How we analysed the data
The chart shows the frequency with which individual terms or combinations of terms appear in publications of the President of the Russian Federation over the period from 2000 up until 2019.
In preparing and depicting the data, we based our procedure largely on that used by our colleagues over at Zeit Online for their project 70 Jahre Bundestag – Darüber spricht der Bundestag [70 years of the Bundestag – What the Bundestag talks about]
What data did we use?
The analysis is based on raw data pulled from more than 10,000 transcripts published on the website of the Kremlin between 1 January 2000 and 31 December 2019. These include official addresses given by the Russian president and transcripts of meetings and interviews, as well as other kinds of texts, such as op-eds by the president that appeared in various newspapers.
Dmitry Medvedev served as Russia’s president from 7 May 2008 to 6 May 2012, with Vladimir Putin assuming the post of prime minister. Thus, the data for this period which is known as “castling” relate to statements made by Medvedev. From 7 May 2012 onwards, they once again relate to Putin’s words. We have labelled the years in the chart accordingly.

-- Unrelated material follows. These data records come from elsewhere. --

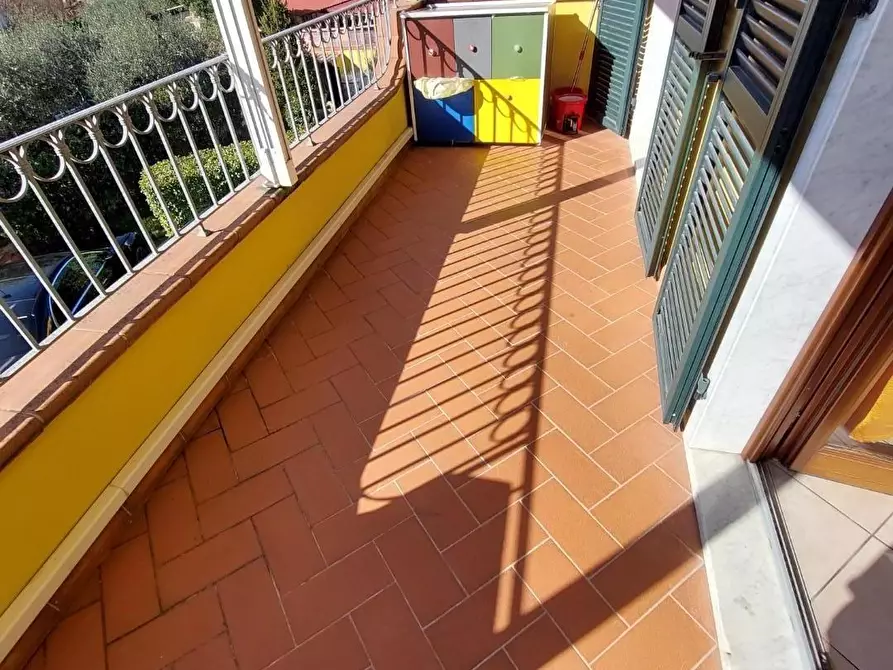 Immagine 14 di Porzione di casa in vendita  a Carrara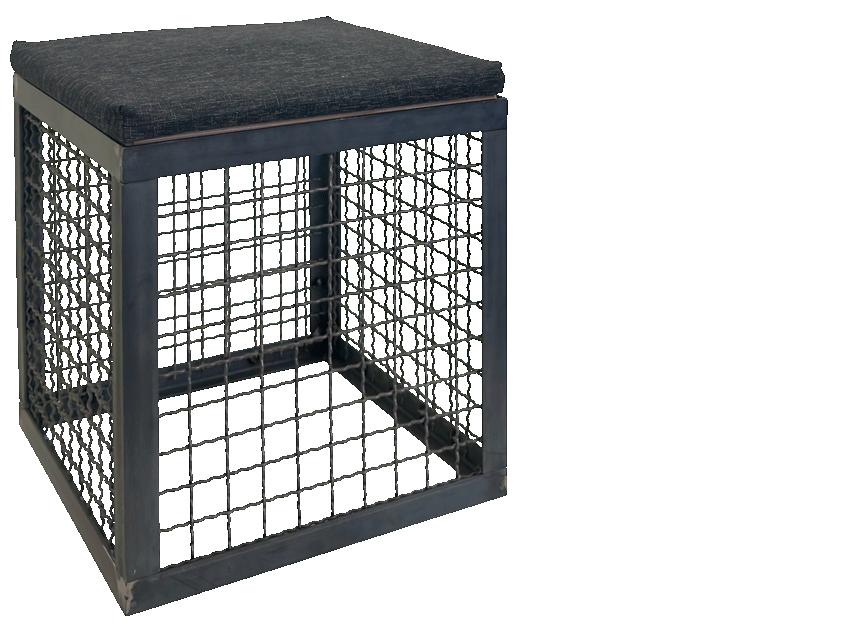 Metall-Lounge Hocker und Beistelltisch mit Gitter mieten – Würfel-Module aus Stahl im Industrial-Look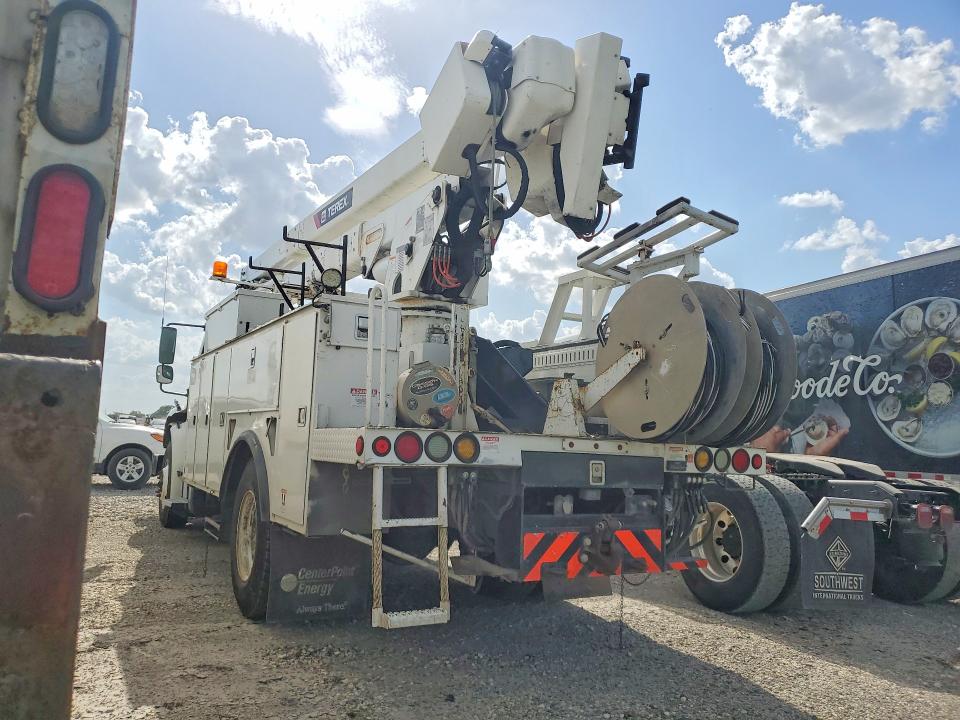 2019 Freightliner M2 106 VIN 1FVACXFC9KHKT8864 COPART salvage auction — MINOR DENT/SCRATCHES, TX - CERTIFICATE OF TITLE (P), sold $14,800 on 2026-09-01 (photo 2)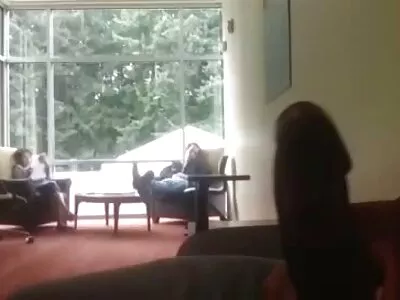 Масажистът умело събужда желанието на блондинката да porno video klipove прави секс с него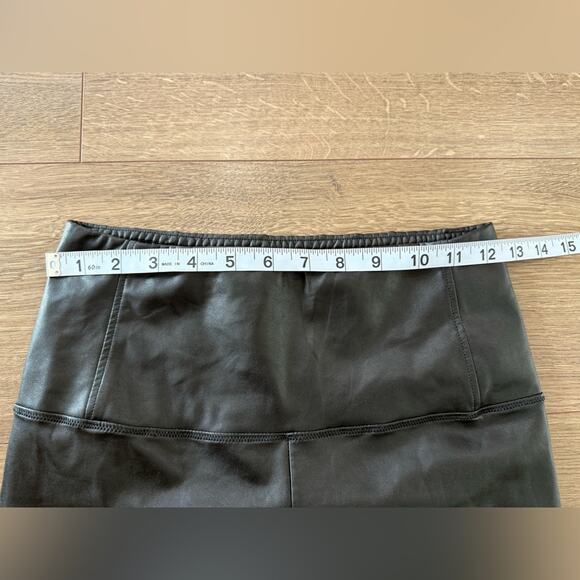Aritzia Wilfred Free Daria Vegan Leather Bike Short Black Size Medium - Picture 8 of 9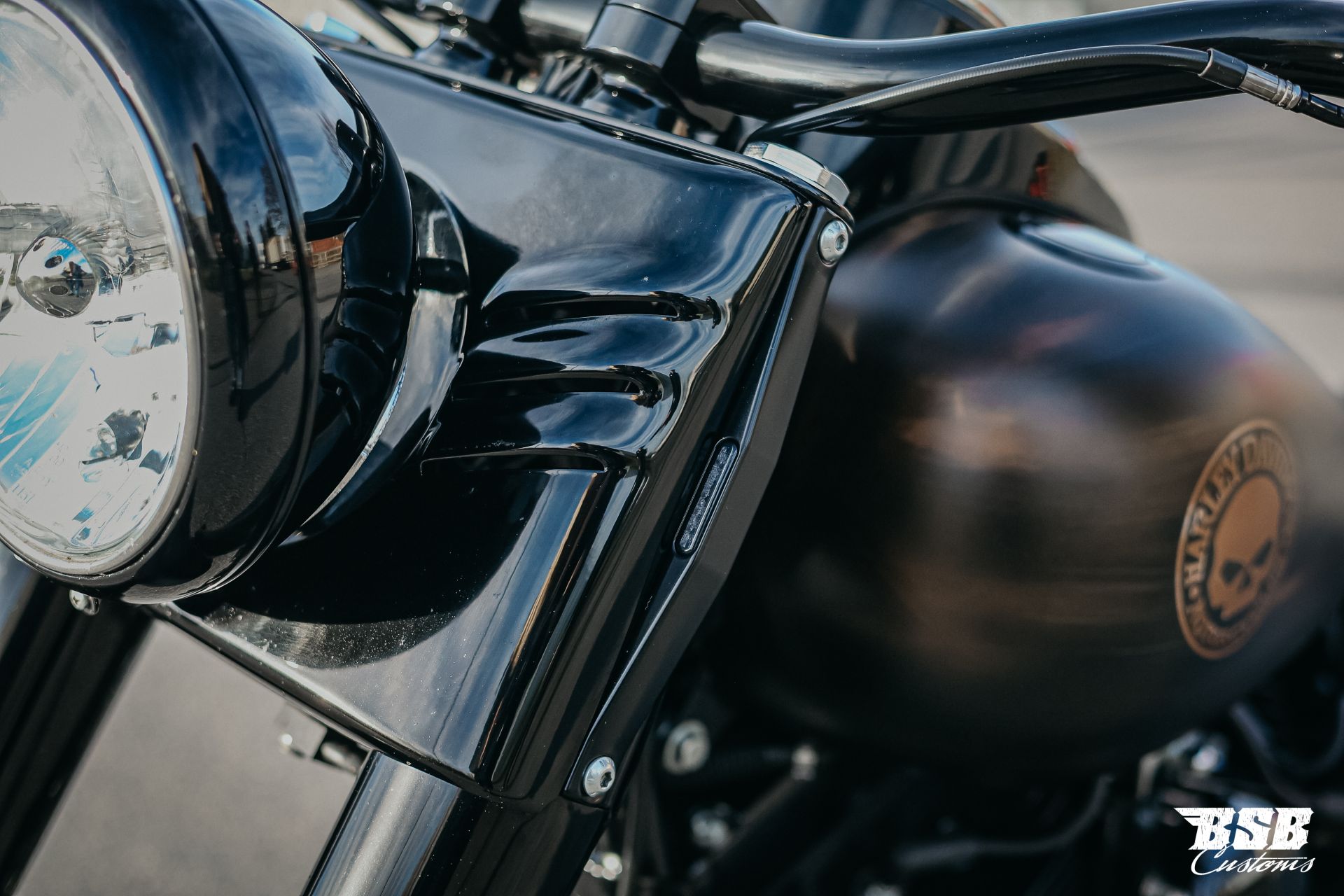 Stash 21 Blinker für Harley Davidson Softail & Fat Boy Big Twin 1993-2017 schwarz glanz / eloxiert / poliert 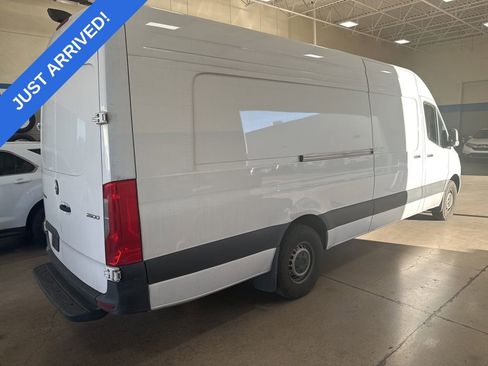Used 2024 Mercedes-Benz Sprinter 2500 image 3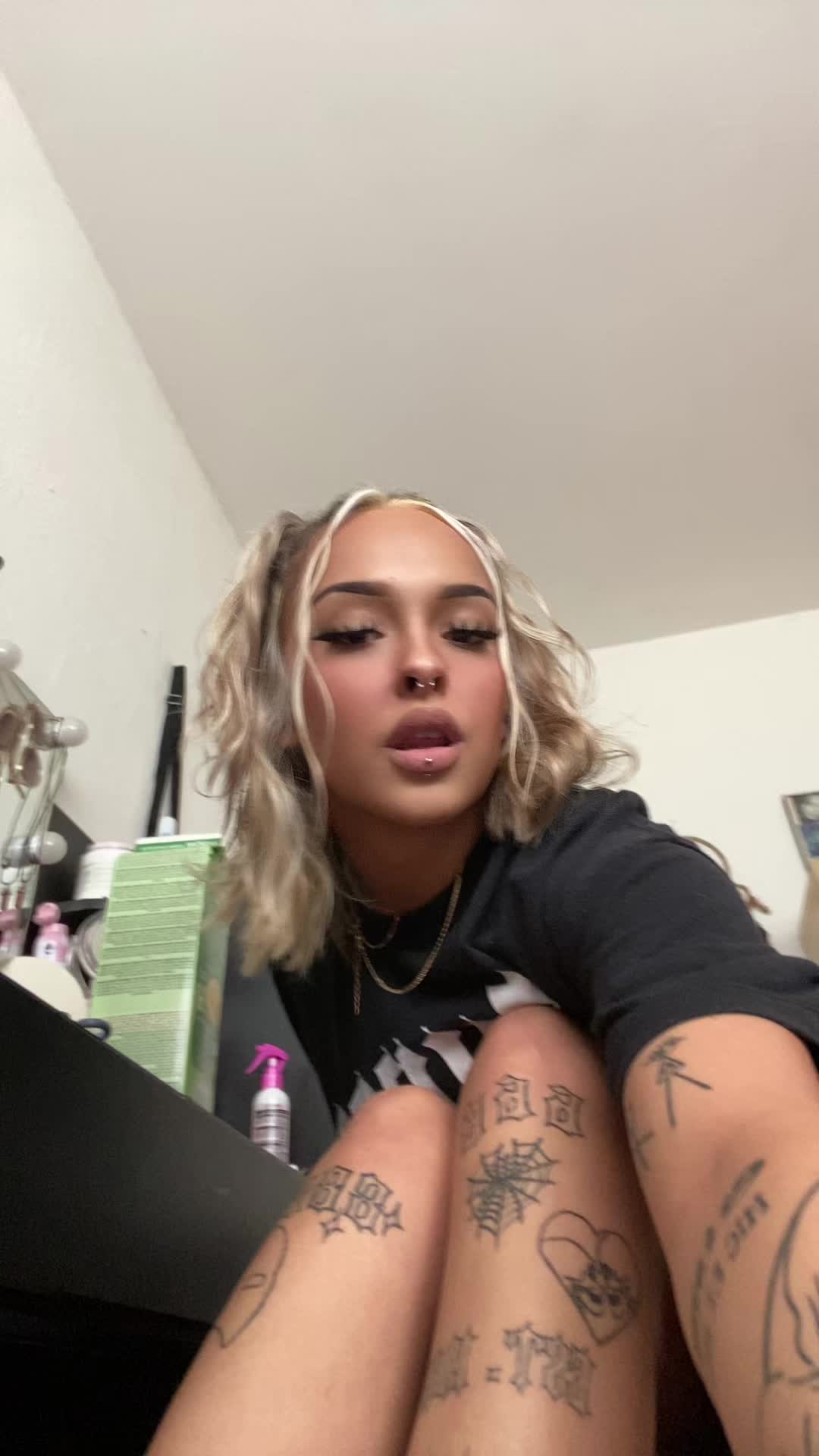 @noonebutlea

What procedure did we follow?
The transcripts posted on kremlin.ru also contain the speech of people other than the Russian president – people who attended meetings with the president, interviewed him, etc. Although we did our best to filter this speech out, we cannot absolutely rule out the possibility of slight distortions resulting from content of this kind, because the transcripts do not always indicate a change of speaker in a uniform manner.
The first thing we did to prepare the data for analysis was to chop the filtered transcripts up into individual words, known as tokens. Then we removed all of the “stop words” from the token list – i.e. words like “and” (и), “so” (так) or “only” (только), which have no particular relevance for the analysis.
Individual terms (especially in Russian) can occur in a variety of forms (газета, газеты, газете, газету, …), so the next step was to standardise all the variants, i.e. change them all to their dictionary form, or lemma. In computational linguistics, this step is called lemmatisation. We used an algorithm developed by the Russian search engine provider Yandex for this. (For the English version: StanfordNLP LemmaProcessor.)
We also searched the data for words that occur in two or three-word strings (known as n-grams) with particular frequency, because we were interested in combinations of words like “artificial intelligence” (искусственный интеллект) or “Great Patriotic War” (Великая Отечественная Война), as well as in individual terms.
The last step was to count the number of times that the words and word combinations appear in the data associated with each individual year. To ensure that differences in the volume of material published in different years would not distort the results, we set up the tool to chart relative rather than absolute frequency; i.e. it shows the frequency with which a word or a combination of words appears per 100,000 words in a year.
What else should users keep in mind?
Like the original documents, the data may contain misspelled words. To keep the dataset to a manageable size, only terms occurring at least three times over the entire period are shown.
The data for the German and Russian versions of this tool were derived from the Kremlin’s Russian-language publications; for the English version of the tool, we used the English-language publications at en.kremlin.ru. There may be differences between the English and Russian versions of a chart, since the English-language Kremlin site posts somewhat fewer documents and because the translations can sometimes differ from their source texts, and can also be prepared using different spelling standards (“modernisation” vs. “modernization”).